As Billy made remarkable progress in his rehabilitation and recovery, his aspirations to race again became more than just encouraging goals of self-fortitude. The spirit and the mettle of the young man was relentless, and in photographs and public appearances after the crash he was always positive, always smiling. Of course, amputees have raced again—Alex Zanardi springs to mind with his return to action after similar injuries. For Billy, with the help of Carlin Motorsport, a car was developed that could run a hand-operated clutch on a specially adapted steering wheel. Early tests were encouraging. Billy was setting competitive times consistently and was eventually cleared to race. The impossible dream was fast becoming a reality, but to race, finish, and do so on the podium on his first time back out? Surely not even in his wildest dreams.

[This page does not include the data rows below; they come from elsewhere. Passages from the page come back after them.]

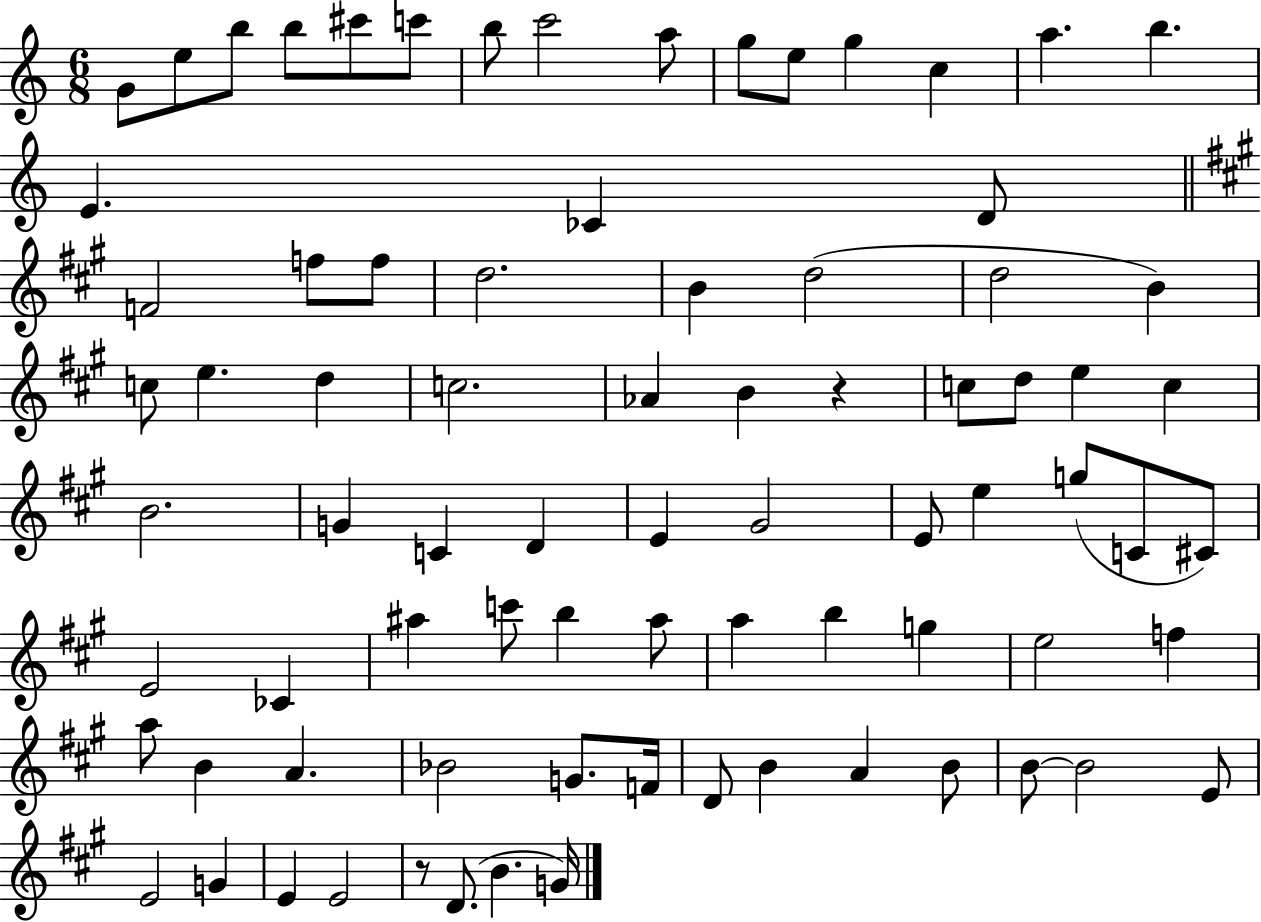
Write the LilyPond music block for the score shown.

{
  \clef treble
  \numericTimeSignature
  \time 6/8
  \key c \major
  g'8 e''8 b''8 b''8 cis'''8 c'''8 | b''8 c'''2 a''8 | g''8 e''8 g''4 c''4 | a''4. b''4. | \break e'4. ces'4 d'8 | \bar "||" \break \key a \major f'2 f''8 f''8 | d''2. | b'4 d''2( | d''2 b'4) | \break c''8 e''4. d''4 | c''2. | aes'4 b'4 r4 | c''8 d''8 e''4 c''4 | \break b'2. | g'4 c'4 d'4 | e'4 gis'2 | e'8 e''4 g''8( c'8 cis'8) | \break e'2 ces'4 | ais''4 c'''8 b''4 ais''8 | a''4 b''4 g''4 | e''2 f''4 | \break a''8 b'4 a'4. | bes'2 g'8. f'16 | d'8 b'4 a'4 b'8 | b'8~~ b'2 e'8 | \break e'2 g'4 | e'4 e'2 | r8 d'8.( b'4. g'16) | \bar "|."
}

Out of what can only have been complete despair just twelve months previous, had come a story of courage and of hope. To return any sort of normality to life after such a trial requires guts, but to stare down your fears in quite such an indomitable way, well that requires something much more. Words can’t do justice to what this young man has achieved over this past race weekend and the last year. Don’t be fooled by the smile and that baby face, those eyes that pierce through the visor of the helmet hide a resilience and a determination, the like of which is not often seen. Congratulations on your third place Billy, I hope you know how inspiring this chapter of your story is to so many people. Good luck this season too, I look forward to seeing you battling on track across this year and many more.